═════ Records to process ═════

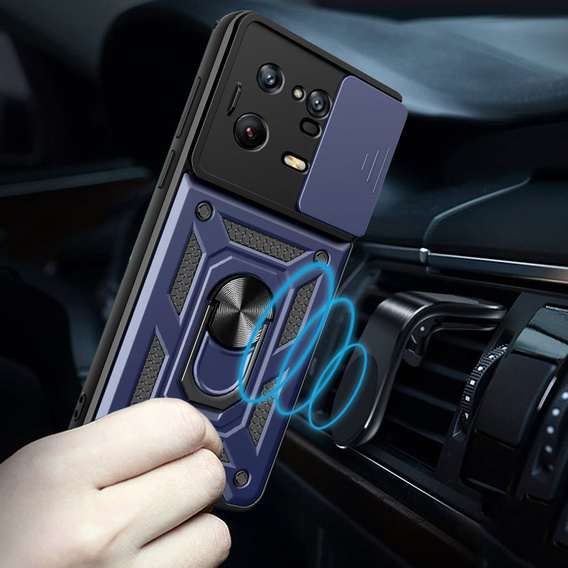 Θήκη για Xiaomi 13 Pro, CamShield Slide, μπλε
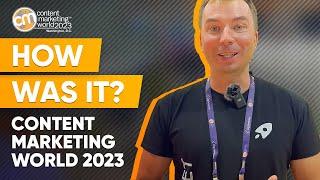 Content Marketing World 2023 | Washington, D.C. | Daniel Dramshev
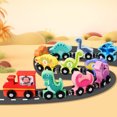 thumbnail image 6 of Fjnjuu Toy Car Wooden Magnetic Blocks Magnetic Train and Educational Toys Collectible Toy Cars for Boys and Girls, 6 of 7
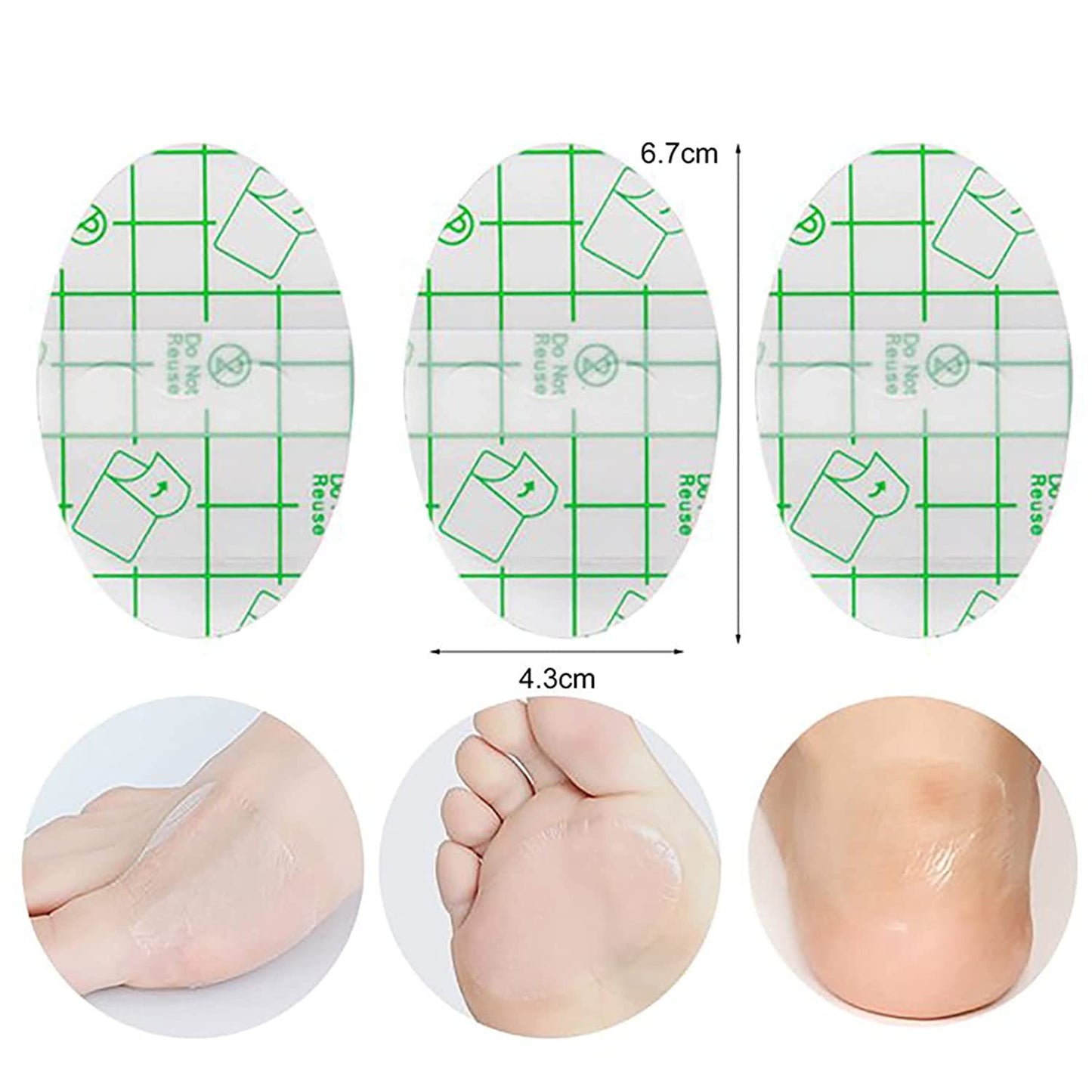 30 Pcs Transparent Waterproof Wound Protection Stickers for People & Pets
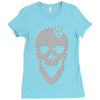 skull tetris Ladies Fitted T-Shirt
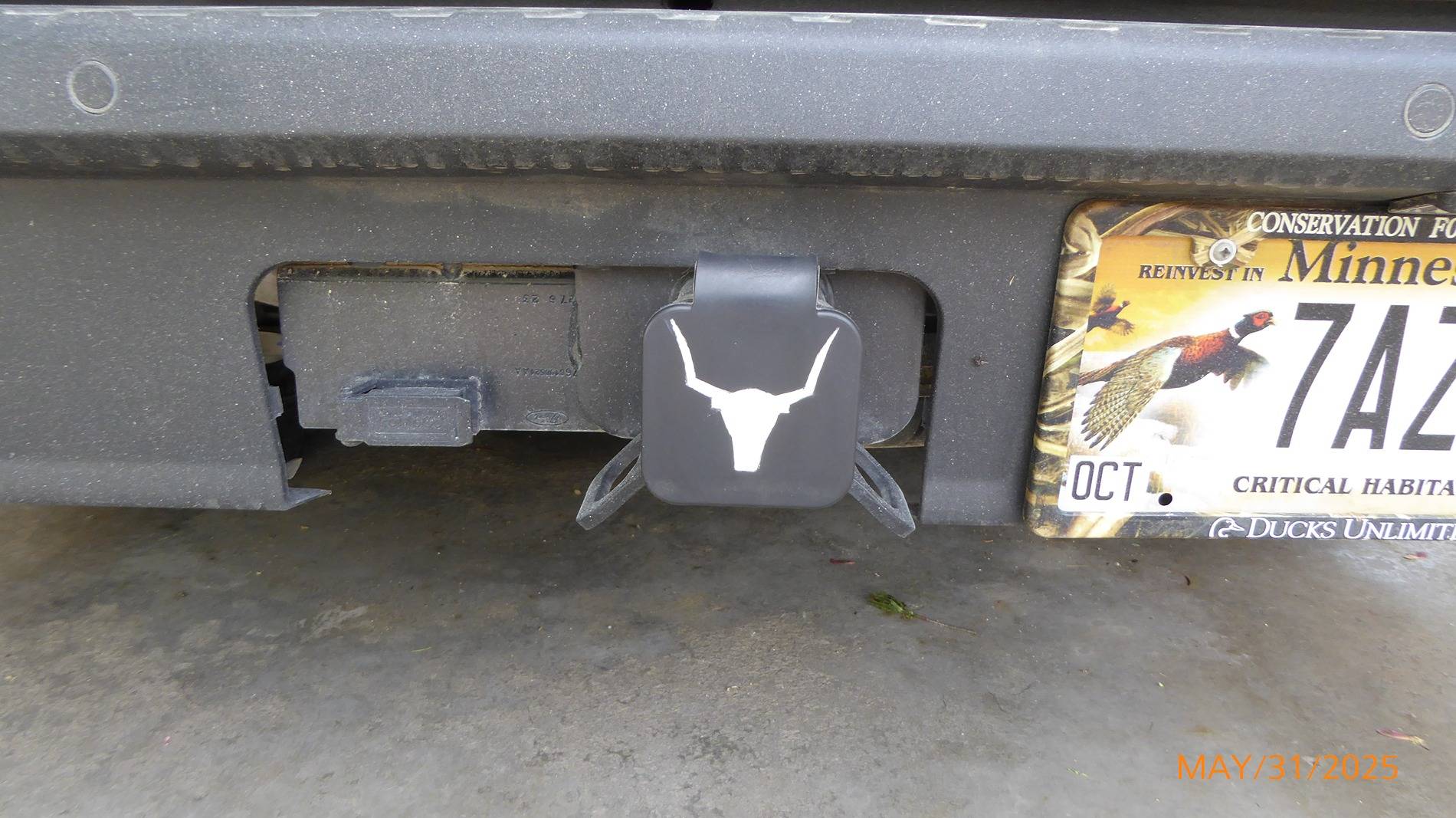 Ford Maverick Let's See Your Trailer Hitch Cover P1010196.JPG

═════

Exercise prompt ▸
At the line containing "skull tetris Ladies Fitted T-Shirt", begin reproducing the entries word for word, and continue through their last line. Leave out the pictures.

Answer section ▸
 skull tetris Ladies Fitted T-Shirt
 Ford Maverick Let's See Your Trailer Hitch Cover P1010196.JPG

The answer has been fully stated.